Creating A Great Experience With “Non-Customers”

Real example of poor customer service

Agent using nice Smile and Tone: “Hi is this _____? This is ___ from ____ Insurance providers. We provide Health Insurance benefits for small businesses and individuals.”

Person called responds in friendly tone: “Hi (Agent’s name)…I’m only a one person business and I’m already covered by my spouse’s insurance policy. So I’m not a good prospect for your company.”

Agent sounding irritated: “well OK… (click)”

This call was reminiscent of the bad telemarketing calls made from “boiler room” type operations years ago. This contact centers trained agents to have a “hit and run” philosophy. Hence, affecting customer experience.
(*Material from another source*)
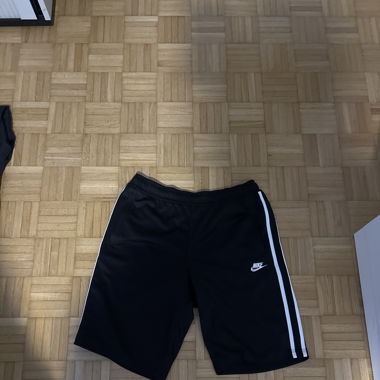 NIKE SHORTS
It was evident that the agent understood how to create a nice first impression.Given the way that she opened the conversation and identified herself.   Perhaps she received training and coaching on this. Or maybe it is her natural style of communication when greeting someone.

Once the agent experienced rejection, her tone changed completely.  The agent was done and saw no need to end the call positively. Her focus was clearly on the here and now immediate results. Regardless of the impression she left with that prospect.

As we know, today our prospects and customers won’t tell only ten people about the bad experience they had. They will broadcast it on Social Media to hundreds, even thousands of people.

Agent training for improved customer satisfaction

Another example of poor “non-customer” experience is when an agent calls and the person they are trying to contact isn’t available. It usually goes something like this:

Agent: “Hi..Is Mr. (name) available.  This is (Agent name) from (company)?”

Person answering phone: “No he isn’t. Can I take a message?”

Agent using flat tone: “I’ll call back” (hang up click)

It adds little time to the calls to use  polite phrases. Such as “Thank you but I’ll just call him/her back later. Is there a good time to reach him/her?”

We hope you’ll start covering this during training and coaching these skills too. If your training program doesn’t include discussion and role-play. Benefits related to creating a great “Prospect Experience” with those who don’t buy.  We should be creating a positive experience, showing appreciation to and interest in every person we are in contact with.

A wonderful mentor always said and rightly so …”Today’s no may be tomorrow’s yes”!